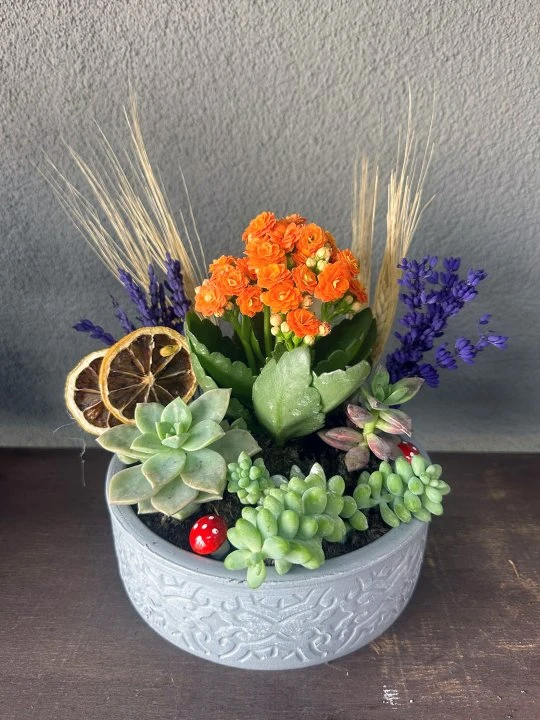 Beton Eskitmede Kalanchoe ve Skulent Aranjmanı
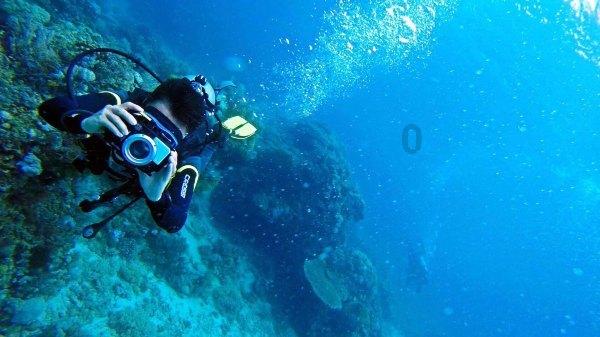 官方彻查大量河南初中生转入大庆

_ _ _

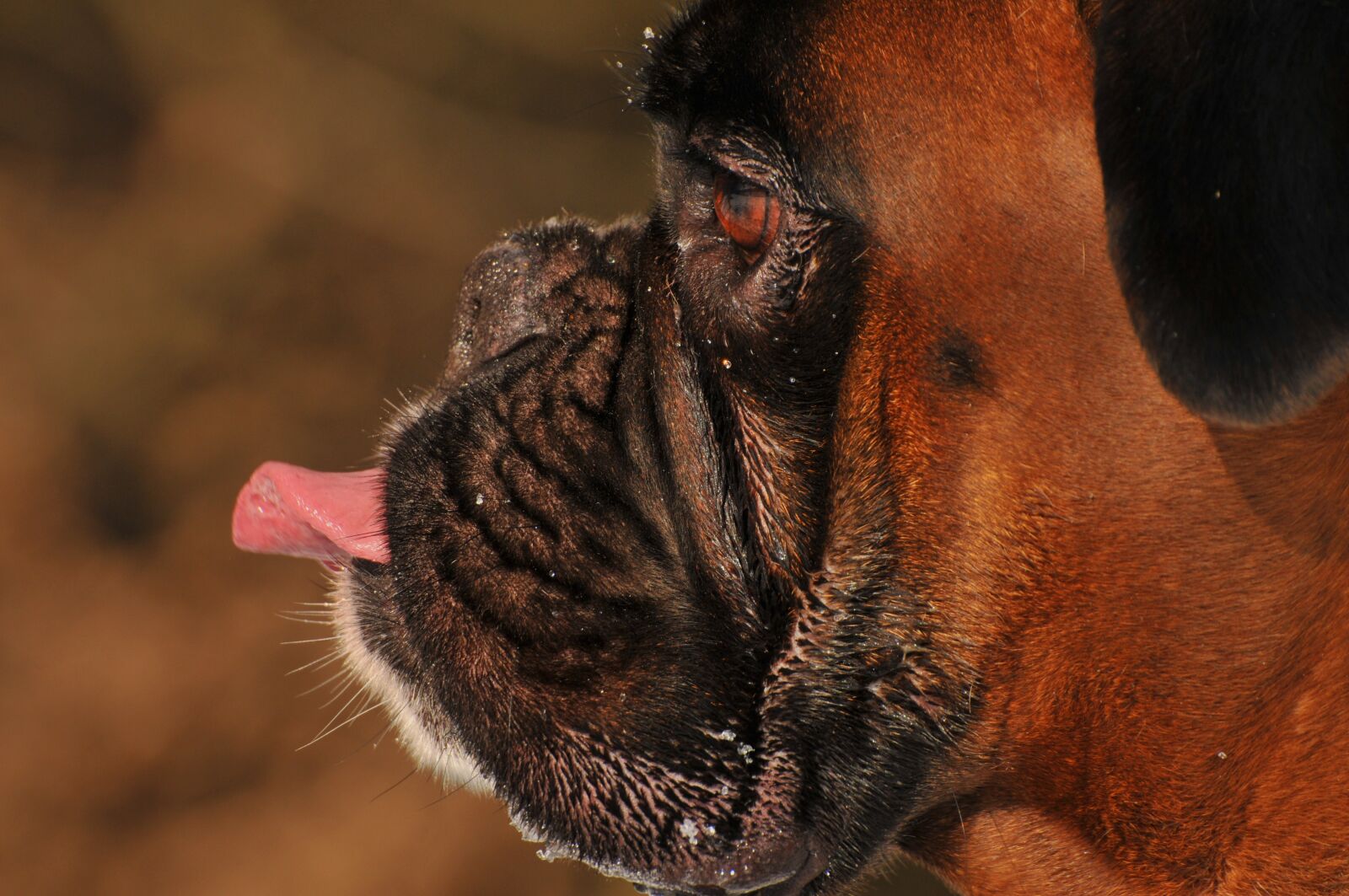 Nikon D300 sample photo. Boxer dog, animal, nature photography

_ _ _

#### What you need to do
Given the listing above, retype only the span of lines from the line with "Beton Eskitmede Kalanchoe" up to and including the line with "官方彻查大量河南初中生转入大庆", exactly as it stands and without pictures.

#### Problem solution
 Beton Eskitmede Kalanchoe ve Skulent Aranjmanı
 官方彻查大量河南初中生转入大庆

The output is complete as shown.